October’s PhenomeMOMs have been such an inspiration! From triumphs over the NICU, to dealing with loss, turning pain into purpose, and finding the humor in it all, these extraordinary moms have shown us all what it means to be phenomenal in motherhood. I was motivated by the PhenomeMOMs and convinced by last week’s PhenomeMOM Valerie to share my own story. I’m thankful to everyone who has encouraged me to continue sharing my story. If you missed it, you can read Part 1 and Part 2 here.[line]
I remember being carried into my parents bedroom. I remember calling out to people and thanking them for being so annoying when I was pregnant because it helped me to focus during labor. I remember thanking people for praying for me. I remember repeating “I get it,” over and over. I remember telling the EMT’s to check my blood sugar, and I remember it all going black again.
I woke up in the back of an ambulance, my mother weeping as they rushed me to the hospital. I couldn’t understand how I had gotten there. I thought I was dreaming.
The hospital checked my vital signs, but couldn’t find anything wrong with me. I assured them that I was fine. Although I knew who I was, and where I was, I couldn’t figure out why I was there. As the doctor questioned me, I started to untwist my shoulder length dreadlocks. By the end of the day, they would be gone.
The hospital agreed to release me, as I seemed perfectly fine. When my husband arrived at home, he found me laughing on Facebook. Things were off, but no one knew how to approach the topic. We dealt with it through laughter.The next few days would be rough, but things slowly began to return to normal. I began seeing a therapist my friend recommended to explore the reason behind my breakdown.

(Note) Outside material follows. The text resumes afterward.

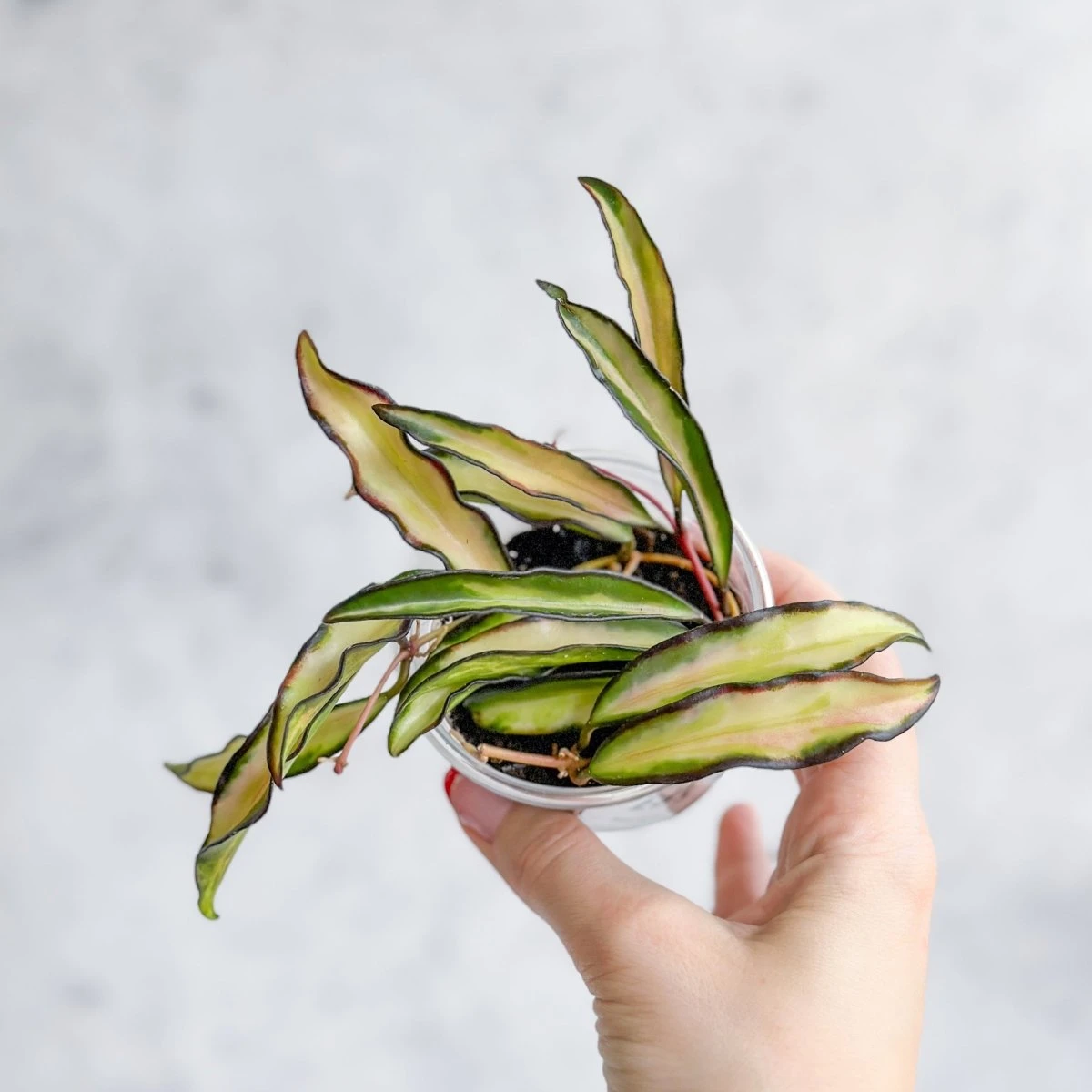 Hoya Wayetii Tricolor Variegated 4 Hoya Wayetii Tricolor Variegated - Image 2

The therapist explained that my body was in shock, my mind was tired, and my system crumbled under all of the stress. I had suffered an episode of postpartum psychosis,which occurs in approximately 1 to 2 out of every 1,000 deliveries. Symptoms of postpartum psychosis include:
- Delusions or strange beliefs
- Hallucinations (seeing or hearing things that aren’t there)
- Feeling very irritated
- Decreased need for or inability to sleep
- Paranoia and suspiciousness
- Rapid mood swings
- Difficulty communicating at times
I felt crazy. If anyone found out, they’d think I was crazy, too. People would whisper and gossip. They’d think that I wanted to hurt my baby. They’d say I was weak and couldn’t handle motherhood, or worse, they’d take my son away from me. I was so afraid.
Over sessions, we discussed my fears. At the root of it all, I was angry and depressed. I’d been suppressing my feelings, wearing a mask of happiness and perfection while the truth simmered just below the surface–but now, I was fighting back.
I stayed home with my baby and continued therapy for the rest of the year. I tried to go to new mom groups, but depression and fear of being judged by other moms held me back from social settings. As the year went on, I began to open up. I started addressing problems head on instead of squelching my anger. I began to rely more fully on my faith, and I began to live again.
Soon after The DJ’s first birthday, I found out I was pregnant again. I worried about another episode. This time, I spoke up. I told my husband that I would need him now more than ever. I asked him to help me. Unashamed, I told him how scared I was. He calmed my fears and assured me that this time, we’d make it through together.
After a month of bed rest because of early contractions, The Emcee made his debut a day and a half after I returned to work. I actually felt the contractions this time. Thankfully, everything went well. There were no NICU visits, no complications, and no postpartum depression and no postpartum psychosis. I felt like I had finally gotten a handle on life.
I decided to start Mymommyvents in 2014, because I didn’t want another mother to have to feel the pain I felt. According to medscape.com, 85% of women experience some type of mood disturbance postpartum. If the events that I host or the posts on this website help just one mother, then my episode wasn’t in vain.
For more information on postpartum depression and psychosis, please visit the following websites:
There are so many mothers who will never share their story, but I hope mine has touched you in some way.